Basically there are two types of third party SPICE models, ..MODEL and .SUBCKT .

The .MODEL models are for the basic parts like transistors diodes and mosfets. They decribe the intrinsic SPICE models.

The .SUBCKT models are subcircuit models which are used when more than the intrinsic model is needed. Examples are additional lead inductors and capacitors or more complex subcircuits like opamp models.

The way how to include it depends on the model type. The easiest way for a .MODEL part is placing the .MODEL definition directly into the schematic or using a ..INCLUDE filename command line to add the definition to your schematic.

Example for a npn transistor:

  1. Add a npn-symbol to your schematic.
  2. Replace the value NPN with BC547C
3a. Add the .MODEL BC547C line to your schematic 3b.

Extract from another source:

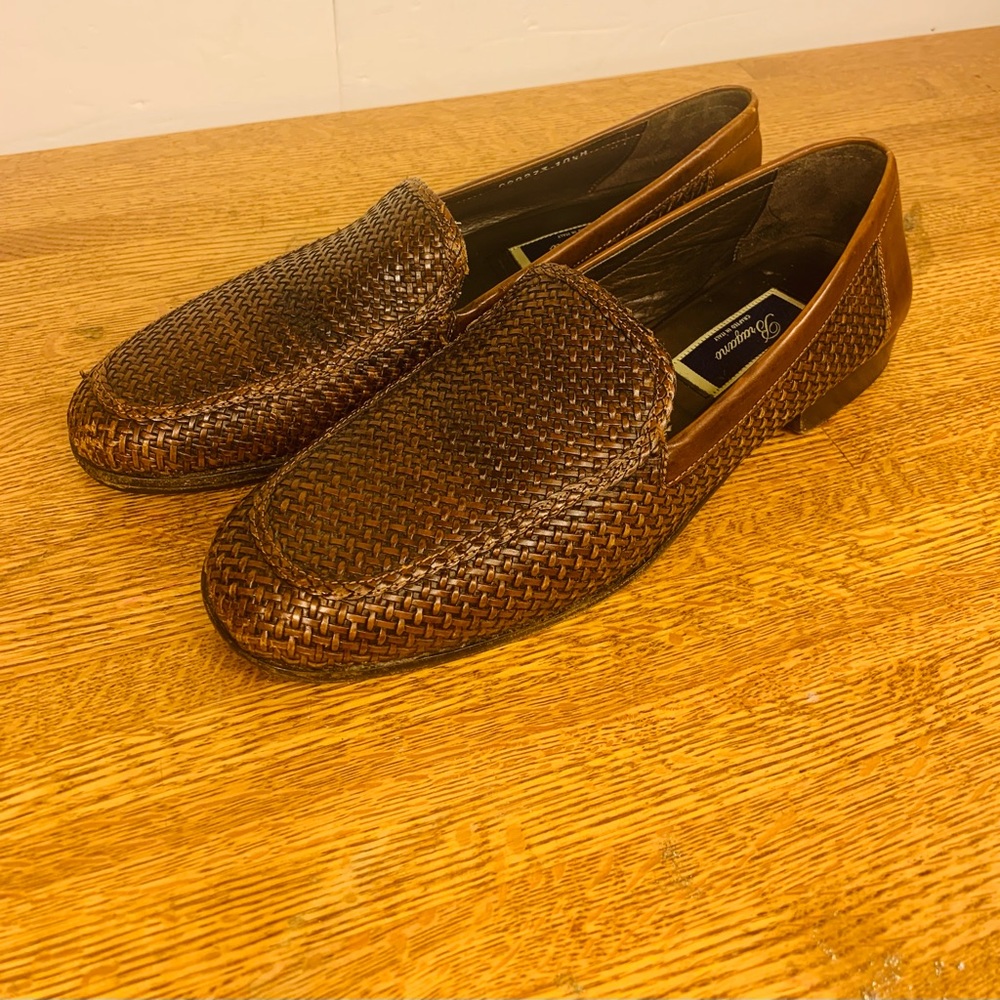 Bragano Men’s Woven Leather Slip On Loafers Shoes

If you have a file bipol.lib containing your .MODEL BC547C (others may be too in this file), then you have to add a command line .INCLUDE bipol.lib

Example for a 5-pin opamp:

  1. Add a opamp2-symbol to your schematic. [Opamps] opamp2
  2. Replace the value opamp2 with TL072 in your schematic.
3a. Add the .SUBCKT ..... line to your schematic 3b. If you have a file ti.lib containing your .SUBCKT TL072 (others may be too in this file) then you have to add a command line .INCLUDE ti.lib

Example for a 3-pin npn transistor, but with a .SUBCKT

  1. Add a npn-symbol to your schematic.
  2. Move the cursor over the placed npn. Press RightMouseButton. A dialog box will appear. Change Prefix: QN to Prefix: X X stands for subcircuit. OK
  3. Replace the value NPN with BFG135
4a. Add the .SUBCKT BFG135 lines to your schematic 4b. If you have a file Phil.lib containing your .SUBCKT BFG135 .... (others may be too in this file) then you have to add a command line .INCLUDE Phil.lib

These are the basics you should know for the green belt.

If you want learn more about symbols and subcircuits with LTSPICE, then you should read my explanations in the Files area of the mentioned Yahoo group. If you have understood that, you get the black belt.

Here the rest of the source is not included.